Just before 5 a.m. Tuesday morning, early risers in the Pittsburgh area were treated to a shining surprise: A fiery meteor shooting across the darkened sky at 45,000 miles per hour.
"Suddenly it became like daylight outside," said Pennsylvania resident Dawn Grenade in a posting on the website of the American Meteor Society. As she was commuting to work she caught a glimpse of "a red fireball with a blue flame" behind it.
Other commenters described a similar sight. "It was very bright with a tail about 1/4th of the sky from the south to the north," wrote Dave Woodcox, who spotted the meteor while clearing snow from his driveway. "The object was orange/yellow in hue, but the tail was white and was the brightest part. The tail appeared like a magnesium fire, bright and white lighting my [w]hole neighborhood."

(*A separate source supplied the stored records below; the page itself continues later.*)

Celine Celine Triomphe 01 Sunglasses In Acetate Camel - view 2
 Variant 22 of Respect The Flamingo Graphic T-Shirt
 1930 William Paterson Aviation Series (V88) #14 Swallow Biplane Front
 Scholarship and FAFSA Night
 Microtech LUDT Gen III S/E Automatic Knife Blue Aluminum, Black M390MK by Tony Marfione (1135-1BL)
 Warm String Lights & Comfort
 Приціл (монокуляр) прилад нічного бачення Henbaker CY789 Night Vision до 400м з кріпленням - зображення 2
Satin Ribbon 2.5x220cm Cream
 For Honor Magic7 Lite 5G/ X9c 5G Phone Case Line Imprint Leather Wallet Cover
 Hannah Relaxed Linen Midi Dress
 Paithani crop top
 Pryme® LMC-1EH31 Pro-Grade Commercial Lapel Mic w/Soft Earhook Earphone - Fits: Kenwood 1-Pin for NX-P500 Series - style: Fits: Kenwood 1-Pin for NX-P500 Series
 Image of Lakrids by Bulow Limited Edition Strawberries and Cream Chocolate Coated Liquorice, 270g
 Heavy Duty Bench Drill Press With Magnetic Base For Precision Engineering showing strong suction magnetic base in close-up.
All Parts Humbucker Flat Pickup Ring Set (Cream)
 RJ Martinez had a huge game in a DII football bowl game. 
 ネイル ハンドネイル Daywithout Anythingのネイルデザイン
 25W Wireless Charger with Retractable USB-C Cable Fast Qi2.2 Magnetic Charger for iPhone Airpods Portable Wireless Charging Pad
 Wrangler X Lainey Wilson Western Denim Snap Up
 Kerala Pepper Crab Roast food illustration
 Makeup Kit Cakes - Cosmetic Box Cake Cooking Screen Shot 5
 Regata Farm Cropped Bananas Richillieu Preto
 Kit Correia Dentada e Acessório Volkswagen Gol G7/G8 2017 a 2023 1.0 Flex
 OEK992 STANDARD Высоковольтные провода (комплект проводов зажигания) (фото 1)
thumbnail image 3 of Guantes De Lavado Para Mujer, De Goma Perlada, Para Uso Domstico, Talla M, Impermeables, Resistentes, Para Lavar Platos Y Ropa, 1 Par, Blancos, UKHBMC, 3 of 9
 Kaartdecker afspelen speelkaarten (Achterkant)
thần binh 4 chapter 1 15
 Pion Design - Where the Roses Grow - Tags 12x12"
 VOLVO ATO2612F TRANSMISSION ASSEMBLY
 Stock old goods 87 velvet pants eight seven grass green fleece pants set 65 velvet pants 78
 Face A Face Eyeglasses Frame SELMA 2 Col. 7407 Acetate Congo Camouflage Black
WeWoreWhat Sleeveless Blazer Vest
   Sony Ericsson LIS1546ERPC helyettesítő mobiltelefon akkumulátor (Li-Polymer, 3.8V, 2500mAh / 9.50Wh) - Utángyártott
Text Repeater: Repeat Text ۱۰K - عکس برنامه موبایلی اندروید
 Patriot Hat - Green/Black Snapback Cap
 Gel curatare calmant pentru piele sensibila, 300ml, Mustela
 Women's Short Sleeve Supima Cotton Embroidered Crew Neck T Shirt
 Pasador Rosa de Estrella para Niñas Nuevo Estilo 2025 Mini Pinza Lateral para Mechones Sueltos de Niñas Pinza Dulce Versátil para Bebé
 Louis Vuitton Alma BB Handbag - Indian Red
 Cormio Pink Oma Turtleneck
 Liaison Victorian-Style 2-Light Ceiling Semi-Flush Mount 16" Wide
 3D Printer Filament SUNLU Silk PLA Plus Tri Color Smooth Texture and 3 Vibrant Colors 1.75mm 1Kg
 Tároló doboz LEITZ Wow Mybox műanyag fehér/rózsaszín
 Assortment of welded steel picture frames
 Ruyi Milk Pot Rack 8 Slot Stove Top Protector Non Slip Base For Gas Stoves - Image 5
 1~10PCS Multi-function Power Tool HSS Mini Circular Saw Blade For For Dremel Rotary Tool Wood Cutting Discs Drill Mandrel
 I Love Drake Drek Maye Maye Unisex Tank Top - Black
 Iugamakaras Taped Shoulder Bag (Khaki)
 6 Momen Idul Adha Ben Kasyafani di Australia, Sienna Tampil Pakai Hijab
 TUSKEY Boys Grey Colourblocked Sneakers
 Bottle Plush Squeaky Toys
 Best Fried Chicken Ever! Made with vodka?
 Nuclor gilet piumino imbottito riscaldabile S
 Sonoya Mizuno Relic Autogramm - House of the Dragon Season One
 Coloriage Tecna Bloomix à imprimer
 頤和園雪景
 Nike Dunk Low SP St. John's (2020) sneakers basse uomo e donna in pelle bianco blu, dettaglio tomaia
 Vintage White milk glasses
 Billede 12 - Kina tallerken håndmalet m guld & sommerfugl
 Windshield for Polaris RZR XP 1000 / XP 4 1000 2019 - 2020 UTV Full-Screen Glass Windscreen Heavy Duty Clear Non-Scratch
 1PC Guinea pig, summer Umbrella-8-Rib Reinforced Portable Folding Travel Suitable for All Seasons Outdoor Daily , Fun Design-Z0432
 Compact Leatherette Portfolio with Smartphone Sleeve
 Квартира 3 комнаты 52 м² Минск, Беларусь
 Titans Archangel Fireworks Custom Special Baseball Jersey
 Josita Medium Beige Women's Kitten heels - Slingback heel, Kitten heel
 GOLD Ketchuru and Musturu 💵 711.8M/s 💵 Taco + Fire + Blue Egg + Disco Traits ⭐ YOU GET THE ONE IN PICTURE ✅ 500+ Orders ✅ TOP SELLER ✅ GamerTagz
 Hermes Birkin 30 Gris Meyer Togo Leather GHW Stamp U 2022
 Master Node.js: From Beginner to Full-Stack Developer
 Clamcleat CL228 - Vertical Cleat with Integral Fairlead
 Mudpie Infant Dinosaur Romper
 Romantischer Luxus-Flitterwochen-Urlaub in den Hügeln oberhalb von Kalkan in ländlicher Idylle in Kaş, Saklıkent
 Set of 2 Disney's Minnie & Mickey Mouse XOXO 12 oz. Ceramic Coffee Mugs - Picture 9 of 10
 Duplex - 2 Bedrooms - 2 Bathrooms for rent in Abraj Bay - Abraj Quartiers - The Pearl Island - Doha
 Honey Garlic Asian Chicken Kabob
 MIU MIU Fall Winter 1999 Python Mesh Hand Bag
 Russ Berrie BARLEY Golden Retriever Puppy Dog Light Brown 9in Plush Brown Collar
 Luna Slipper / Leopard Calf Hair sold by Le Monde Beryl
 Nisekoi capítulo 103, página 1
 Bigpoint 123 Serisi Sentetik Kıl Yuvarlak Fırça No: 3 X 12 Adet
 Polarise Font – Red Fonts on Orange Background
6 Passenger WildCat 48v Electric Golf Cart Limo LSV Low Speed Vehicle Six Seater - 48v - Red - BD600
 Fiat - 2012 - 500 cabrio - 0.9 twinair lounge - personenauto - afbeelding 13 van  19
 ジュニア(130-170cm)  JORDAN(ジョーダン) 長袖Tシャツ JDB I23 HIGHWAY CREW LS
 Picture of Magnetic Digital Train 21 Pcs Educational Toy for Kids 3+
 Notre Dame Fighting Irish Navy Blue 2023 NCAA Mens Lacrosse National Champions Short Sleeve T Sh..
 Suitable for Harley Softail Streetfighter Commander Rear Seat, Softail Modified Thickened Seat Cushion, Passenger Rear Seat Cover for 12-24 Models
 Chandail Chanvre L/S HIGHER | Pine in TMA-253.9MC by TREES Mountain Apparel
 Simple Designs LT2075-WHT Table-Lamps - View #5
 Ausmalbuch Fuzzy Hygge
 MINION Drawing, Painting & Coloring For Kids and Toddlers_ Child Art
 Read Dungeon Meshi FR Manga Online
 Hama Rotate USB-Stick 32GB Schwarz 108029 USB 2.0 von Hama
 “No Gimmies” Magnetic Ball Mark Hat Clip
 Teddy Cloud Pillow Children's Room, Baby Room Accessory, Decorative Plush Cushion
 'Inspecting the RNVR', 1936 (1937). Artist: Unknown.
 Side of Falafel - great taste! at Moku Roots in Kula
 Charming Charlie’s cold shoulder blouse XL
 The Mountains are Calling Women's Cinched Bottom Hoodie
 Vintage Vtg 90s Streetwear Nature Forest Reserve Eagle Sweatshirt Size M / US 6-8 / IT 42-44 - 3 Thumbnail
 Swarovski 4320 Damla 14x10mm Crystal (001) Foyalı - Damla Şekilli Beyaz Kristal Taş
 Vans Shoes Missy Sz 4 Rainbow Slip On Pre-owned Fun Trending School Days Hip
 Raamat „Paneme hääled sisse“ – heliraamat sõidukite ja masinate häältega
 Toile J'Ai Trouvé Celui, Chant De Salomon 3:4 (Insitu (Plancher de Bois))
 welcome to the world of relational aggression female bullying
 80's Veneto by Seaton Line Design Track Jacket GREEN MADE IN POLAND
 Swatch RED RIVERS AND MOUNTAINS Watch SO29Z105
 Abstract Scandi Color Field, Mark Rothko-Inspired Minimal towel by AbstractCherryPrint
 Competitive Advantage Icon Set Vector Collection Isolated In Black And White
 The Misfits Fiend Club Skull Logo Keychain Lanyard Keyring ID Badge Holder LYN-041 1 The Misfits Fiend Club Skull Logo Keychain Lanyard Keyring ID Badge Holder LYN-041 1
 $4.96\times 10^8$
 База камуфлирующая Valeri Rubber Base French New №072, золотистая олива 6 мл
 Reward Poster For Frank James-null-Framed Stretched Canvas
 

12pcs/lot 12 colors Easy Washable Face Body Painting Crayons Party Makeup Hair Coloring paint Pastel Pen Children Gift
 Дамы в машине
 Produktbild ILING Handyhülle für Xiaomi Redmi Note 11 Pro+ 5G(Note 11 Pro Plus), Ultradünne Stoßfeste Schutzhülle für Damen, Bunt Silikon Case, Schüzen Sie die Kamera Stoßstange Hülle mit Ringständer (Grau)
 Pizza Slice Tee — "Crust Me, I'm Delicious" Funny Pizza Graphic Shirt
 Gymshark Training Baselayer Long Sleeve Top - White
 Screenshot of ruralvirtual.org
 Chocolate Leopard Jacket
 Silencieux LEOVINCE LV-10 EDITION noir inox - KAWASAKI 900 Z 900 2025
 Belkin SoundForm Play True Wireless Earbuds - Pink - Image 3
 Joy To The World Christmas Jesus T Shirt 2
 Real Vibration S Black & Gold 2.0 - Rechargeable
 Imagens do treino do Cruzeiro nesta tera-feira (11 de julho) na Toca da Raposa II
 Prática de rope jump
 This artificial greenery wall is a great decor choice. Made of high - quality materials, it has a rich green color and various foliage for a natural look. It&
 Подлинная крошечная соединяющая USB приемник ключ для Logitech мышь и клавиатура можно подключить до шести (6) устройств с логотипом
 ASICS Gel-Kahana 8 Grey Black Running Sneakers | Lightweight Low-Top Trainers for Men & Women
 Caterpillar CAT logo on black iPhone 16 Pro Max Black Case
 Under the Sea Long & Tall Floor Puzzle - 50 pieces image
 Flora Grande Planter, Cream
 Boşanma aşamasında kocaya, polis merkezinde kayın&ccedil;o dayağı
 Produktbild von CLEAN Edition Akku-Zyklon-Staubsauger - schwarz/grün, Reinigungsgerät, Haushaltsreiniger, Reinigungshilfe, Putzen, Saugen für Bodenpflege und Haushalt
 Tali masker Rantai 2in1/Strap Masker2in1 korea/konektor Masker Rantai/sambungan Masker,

The AMS received 30 eye witness reports from Pennsylvania, Ohio, Michigan and New York. Some witnesses around Pittsburgh reported hearing a delayed boom shortly after seeing the fireball. One person commented on the AMS website that it sounded like a transformer blew.
The dramatic flourish was captured on film by the NASA All Sky Fireball Network. NASA said the rock was about two feet in diameter and weighted roughly 500 pounds.
CBS Pittsburgh reported that the space rock entered Earth's atmosphere 60 miles above Beaver Falls, northwest of Pittsburgh, and the camera lost track of it about 40 miles west of there, where it is believed some fragments of the meteor fell.